_GIVEN RECORDS_.
═══

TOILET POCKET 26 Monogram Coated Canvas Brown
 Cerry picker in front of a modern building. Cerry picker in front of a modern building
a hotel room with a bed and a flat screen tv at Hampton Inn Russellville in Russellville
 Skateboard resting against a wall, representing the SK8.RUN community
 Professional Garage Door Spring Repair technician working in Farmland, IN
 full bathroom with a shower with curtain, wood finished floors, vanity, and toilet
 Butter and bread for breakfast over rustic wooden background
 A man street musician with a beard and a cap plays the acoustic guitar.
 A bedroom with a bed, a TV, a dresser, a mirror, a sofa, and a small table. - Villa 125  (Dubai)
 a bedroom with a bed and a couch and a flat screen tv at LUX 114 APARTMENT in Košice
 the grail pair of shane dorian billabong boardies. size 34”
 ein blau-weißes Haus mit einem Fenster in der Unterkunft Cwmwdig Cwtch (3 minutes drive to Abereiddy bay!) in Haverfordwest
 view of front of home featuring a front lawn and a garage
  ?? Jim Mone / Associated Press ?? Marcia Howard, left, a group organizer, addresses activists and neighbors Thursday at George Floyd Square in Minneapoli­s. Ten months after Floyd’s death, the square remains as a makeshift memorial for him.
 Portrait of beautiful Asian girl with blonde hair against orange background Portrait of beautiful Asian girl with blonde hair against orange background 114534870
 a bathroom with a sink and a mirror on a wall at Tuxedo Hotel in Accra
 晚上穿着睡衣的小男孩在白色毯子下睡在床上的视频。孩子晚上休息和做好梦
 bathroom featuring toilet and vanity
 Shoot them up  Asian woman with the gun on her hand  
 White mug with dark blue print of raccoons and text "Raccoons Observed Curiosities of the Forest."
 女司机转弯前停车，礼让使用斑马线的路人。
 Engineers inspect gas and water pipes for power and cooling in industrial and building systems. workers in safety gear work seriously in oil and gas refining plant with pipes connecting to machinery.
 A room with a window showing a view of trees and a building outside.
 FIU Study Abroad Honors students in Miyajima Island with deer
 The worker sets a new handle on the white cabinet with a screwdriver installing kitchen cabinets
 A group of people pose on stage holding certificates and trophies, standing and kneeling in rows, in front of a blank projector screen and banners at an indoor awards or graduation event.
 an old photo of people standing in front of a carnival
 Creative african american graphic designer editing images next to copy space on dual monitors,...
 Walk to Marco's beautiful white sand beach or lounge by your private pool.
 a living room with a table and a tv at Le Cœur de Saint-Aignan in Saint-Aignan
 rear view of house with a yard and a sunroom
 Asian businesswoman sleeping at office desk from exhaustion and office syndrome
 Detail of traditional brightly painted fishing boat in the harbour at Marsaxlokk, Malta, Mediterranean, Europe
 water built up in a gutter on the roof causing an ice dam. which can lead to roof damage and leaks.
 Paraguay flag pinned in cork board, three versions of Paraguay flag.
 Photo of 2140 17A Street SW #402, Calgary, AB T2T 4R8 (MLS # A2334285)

═══

_WHAT THE TASK REQUIRES_.
Nothing outside this range should appear: the lines from the start of the listing through the line with "a bathroom with", each reproduced exactly, both ends included.

_COMPLETED EXERCISE_.
TOILET POCKET 26 Monogram Coated Canvas Brown
 Cerry picker in front of a modern building. Cerry picker in front of a modern building
a hotel room with a bed and a flat screen tv at Hampton Inn Russellville in Russellville
 Skateboard resting against a wall, representing the SK8.RUN community
 Professional Garage Door Spring Repair technician working in Farmland, IN
 full bathroom with a shower with curtain, wood finished floors, vanity, and toilet
 Butter and bread for breakfast over rustic wooden background
 A man street musician with a beard and a cap plays the acoustic guitar.
 A bedroom with a bed, a TV, a dresser, a mirror, a sofa, and a small table. - Villa 125  (Dubai)
 a bedroom with a bed and a couch and a flat screen tv at LUX 114 APARTMENT in Košice
 the grail pair of shane dorian billabong boardies. size 34”
 ein blau-weißes Haus mit einem Fenster in der Unterkunft Cwmwdig Cwtch (3 minutes drive to Abereiddy bay!) in Haverfordwest
 view of front of home featuring a front lawn and a garage
  ?? Jim Mone / Associated Press ?? Marcia Howard, left, a group organizer, addresses activists and neighbors Thursday at George Floyd Square in Minneapoli­s. Ten months after Floyd’s death, the square remains as a makeshift memorial for him.
 Portrait of beautiful Asian girl with blonde hair against orange background Portrait of beautiful Asian girl with blonde hair against orange background 114534870
 a bathroom with a sink and a mirror on a wall at Tuxedo Hotel in Accra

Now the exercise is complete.